Daniel Vrieze, Dover-Eyota Middle School/High School, Eyota, MN
Study Team and Teaching Strategies (STTS) are not just for students. A team of teachers in our district, supported by the administration, formed a building-level problem-solving group. We charged ourselves with the task of being a “forward-thinking team that has a direction, works cooperatively, and has positive energy to provide a consistent culture of professionalism and continuous improvement.” We named the group “Site Council”. Given the limited amount of time we are allotted, Site Council uses STTS to make sure everyone’s input is heard. Our organized, succinct meetings are infused with positive energy and there is a direct purpose for each staff meeting, as we demonstrate new strategies teachers can use in their own classrooms.

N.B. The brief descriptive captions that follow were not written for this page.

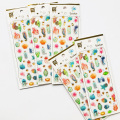 1 Sheet /Pack Underwater World Crystal Epoxy Stickers DIY Decorative Sealing Paste Stick Label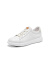 Bata小白鞋女秋季商场新款牛皮厚底透气通勤运动板鞋WRV53CM3 白色 37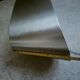 Brushed steel wall light Space Age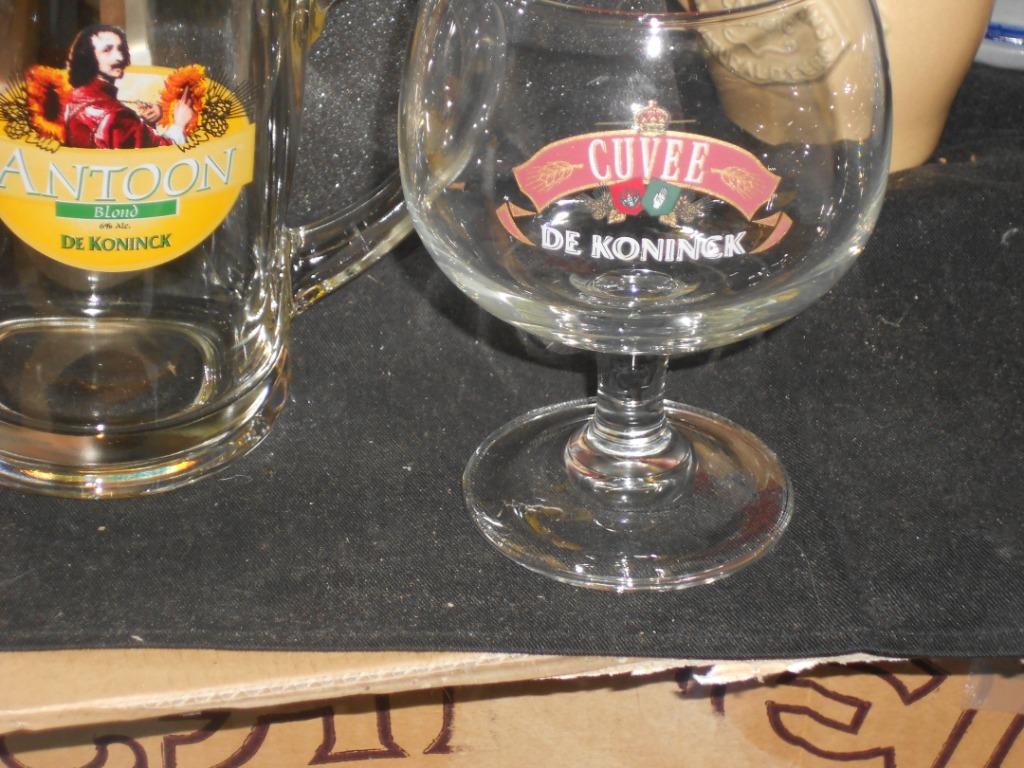 Bierglazen.Jack-Op.Werchter.Primus Haecht.Leopold.Bittburger, Enlèvement ou Envoi, Comme neuf, Verre ou Verres, De Koninck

We believe that to have a strong collaborative culture, everyone on staff needs to connect through professional and personal relationships. In recent years, our staff has experienced more turn-over than we are accustomed, which unfortunately leads to many of us feeling that we have lost part of our family. To fill in the gaps and foster relationship building, we use grouping strategies from the CPM website to decide where everyone will sit during some of our staff meetings. This encourages staff members to sit by new people. Two of my favorite sorts are 1) choosing groups of two by typing jokes and punch lines on two slips of paper, passing them out randomly to the staff and having them find the person that completes the joke; and 2) choosing groups of four by cutting cartoons into five puzzle pieces, one piece goes on each table and the rest get passed out as people enter the room. The movement and humor created by these activities also help to provide a little energy by getting everyone’s blood flowing and provides a positive atmosphere to start the meeting. We have also lined up by birth month and day and years of experience to create more heterogeneous groups.
When staff expressed frustration with the growing separation between our values as teachers (work ethic and performance expectations) and the results we were seeing from our students, we decided to use STTS to help. We wanted to collect qualitative data about these frustrations and values of the faculty members in a manner that would create a positive problem-solving atmosphere while promoting trust and strengthening relationships between staff members. To do this we used a Think-Pair-Share mixed with a Dyad. We felt that these two strategies gave faculty members time to formulate their response in their head and practice it confidentially with a partner before sharing it with the whole group. The responses to this activity provided the direction for staff development for the next school year. We used the following sentence starters to keep the activity focused on student learning.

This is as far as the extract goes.